The Hollywood book boom comes at a time when corporate consolidation in the publishing world threatens authors’ abilities to profit off their work, making TV writing a necessary second career. “Penguin and Random House merged, and if they end up acquiring Simon & Schuster as well, there will be one behemoth where you can publish and three other smaller places and many other micro places that absolutely can’t compete,” says Kreizman. Say the merger does go through and a book doesn’t find a home at Penguin-Random House-Simon & Schuster, an author would automatically be looking at a smaller advance elsewhere, since the monopoly would give authors and their agents less negotiating power. Regardless of whether the merger happens, midlist advances against royalties (authors’ up-front paychecks) are dropping across the board, so authors who don’t have full-time jobs face greater pressure to generate multiple revenue streams through storytelling. “It's harder to make a living as a [genre] book writer or midlist book writer probably than it's ever been before,” Gethers says. [On November 2nd, the Biden administration sued Penguin Random House (opens in new tab) to prevent the deal from happening.]
Agents also play a vital role in setting their authors up for success in Hollywood. “There are those of us that feel very strongly that authors can and should stay on their own projects, as long as they have the interest to do so,” Weiner says. “There are many authors who have successfully done it, which also paves the way for others.” Think: Gone Girl author Gillian Flynn, Stephen King, Cormac McCarthy, and The Hunger Games author Suzanne Collins.

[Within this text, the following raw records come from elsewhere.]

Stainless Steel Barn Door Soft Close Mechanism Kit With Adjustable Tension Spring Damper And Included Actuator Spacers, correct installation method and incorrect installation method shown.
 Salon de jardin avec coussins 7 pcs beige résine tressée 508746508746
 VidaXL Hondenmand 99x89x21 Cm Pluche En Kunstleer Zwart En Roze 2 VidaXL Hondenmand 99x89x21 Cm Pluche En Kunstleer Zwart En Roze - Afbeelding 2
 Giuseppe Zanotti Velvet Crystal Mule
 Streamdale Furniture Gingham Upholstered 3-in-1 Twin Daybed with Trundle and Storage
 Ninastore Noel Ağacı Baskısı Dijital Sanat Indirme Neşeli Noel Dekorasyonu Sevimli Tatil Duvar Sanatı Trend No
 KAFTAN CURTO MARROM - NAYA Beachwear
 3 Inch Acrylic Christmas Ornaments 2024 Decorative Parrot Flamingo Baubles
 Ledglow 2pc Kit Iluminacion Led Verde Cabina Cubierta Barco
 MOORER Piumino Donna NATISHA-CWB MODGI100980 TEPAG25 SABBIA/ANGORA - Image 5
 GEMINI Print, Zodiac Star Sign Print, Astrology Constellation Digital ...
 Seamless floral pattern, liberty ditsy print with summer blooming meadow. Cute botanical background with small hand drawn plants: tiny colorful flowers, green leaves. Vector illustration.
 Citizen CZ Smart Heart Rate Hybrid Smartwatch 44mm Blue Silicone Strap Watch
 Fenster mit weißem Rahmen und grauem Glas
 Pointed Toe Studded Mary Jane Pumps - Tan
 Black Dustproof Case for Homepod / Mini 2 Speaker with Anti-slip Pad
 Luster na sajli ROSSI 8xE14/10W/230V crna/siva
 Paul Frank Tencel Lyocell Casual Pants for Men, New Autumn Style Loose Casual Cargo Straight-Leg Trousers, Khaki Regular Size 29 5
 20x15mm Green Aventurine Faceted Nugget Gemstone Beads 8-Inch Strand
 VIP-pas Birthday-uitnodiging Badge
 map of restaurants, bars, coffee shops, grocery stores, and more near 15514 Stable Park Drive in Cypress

“I want the author as involved as they possibly can [be], as much as they want to be,” echoes Heather Karpas, a former publishing agent who spent nearly a decade representing authors at ICM Partners, and now leads scripted development at Richard Plepler's Eden Productions, which has an overall deal with Apple TV+. “Authors often know more about the topic than anybody else in the room,” she says. “There's a wealth of knowledge there that ought to be tapped into."
But not every author is suited to the adaptation process, where style and nuance is often sacrificed for story. Gethers knows some writers who “shy away from [screenwriting] because it can be heartbreaking,” he says. “It's much harder to let go of your darlings—to kill your darlings in a book—if you're the actual author of the book. And often that's what has to happen in a movie.” Others are not interested in the politics and compromise of Hollywood, and their agents encourage them to take the money and run. In book publishing, Karpas says, “there is one person's name on that cover, and it is the author's name. That is the closest to complete control is as you're going to get. In Hollywood, that's just not the nature of the beast.”